例えば、「三茶de大道芸」は地元商店街と世田谷文化生活情報センターが一体となって1997年に始まり、秋恒例のフェスティバルとして好評を博している。
白井さんは、世田谷パブリックシアターの公式サイトで「アート・ファーム」宣言を公開している。これまであった「アート・タウン」という概念が、「アート・ファーム」として、より能動的に一歩前進した感がある。

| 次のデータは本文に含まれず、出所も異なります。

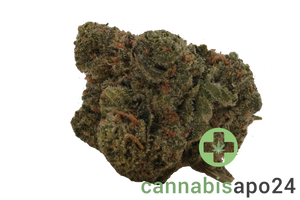 29/1 Amici SLE Sour Lemon OG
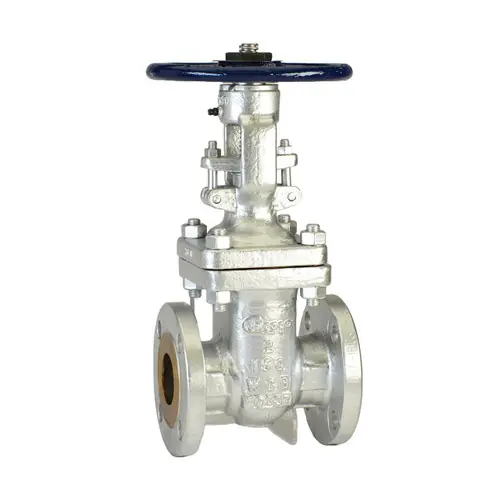 Chicago Valves 21411040 4 in. Cast Steel Gate Valve - Flanged, Class 150, 285 PSI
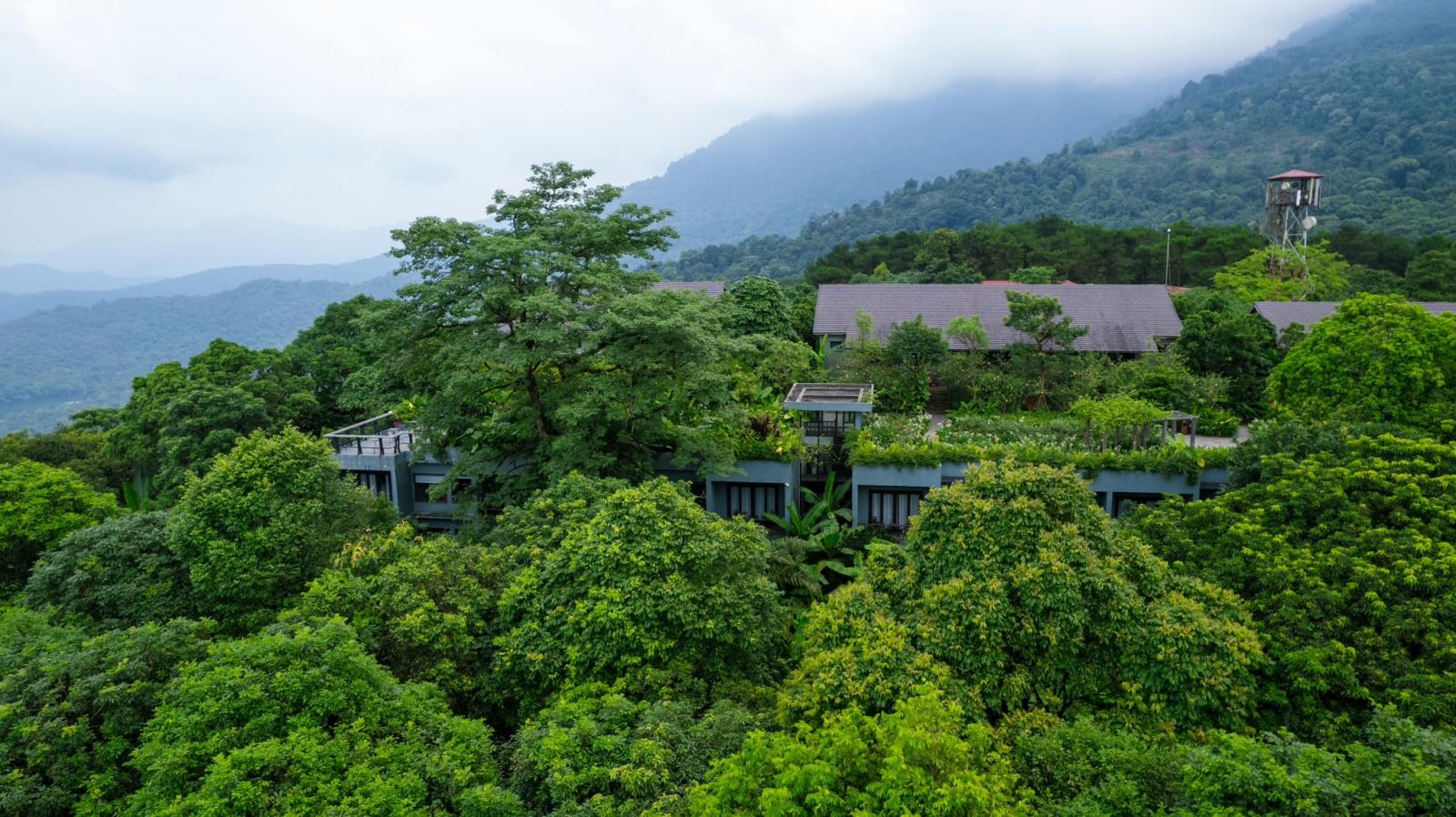 Top resort 5 sao gần Hà Nội dưới 1 tiếng di chuyển: Điểm đến lý tưởng cho những cuộc hội họp và nghi dưỡng ngắn ngày 23 Amour-Resort-Ba-Vi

TOPICS2 公共施設ならではの市民サービスが手厚い
世田谷パブリックシアターには「公演事業」と「学芸事業」という2つの大きな活動の柱があり、学芸事業としては、5つの柱で活動が行われている。子供対象のコミュニティプログラム、市民参加のコミュニティプログラム、地域連携、専門家育成、出版物の発行の5つ。子供や市民参加のワークショップをゆくゆく劇場公演と合体するような企画も実現させたいと白井さんは言う。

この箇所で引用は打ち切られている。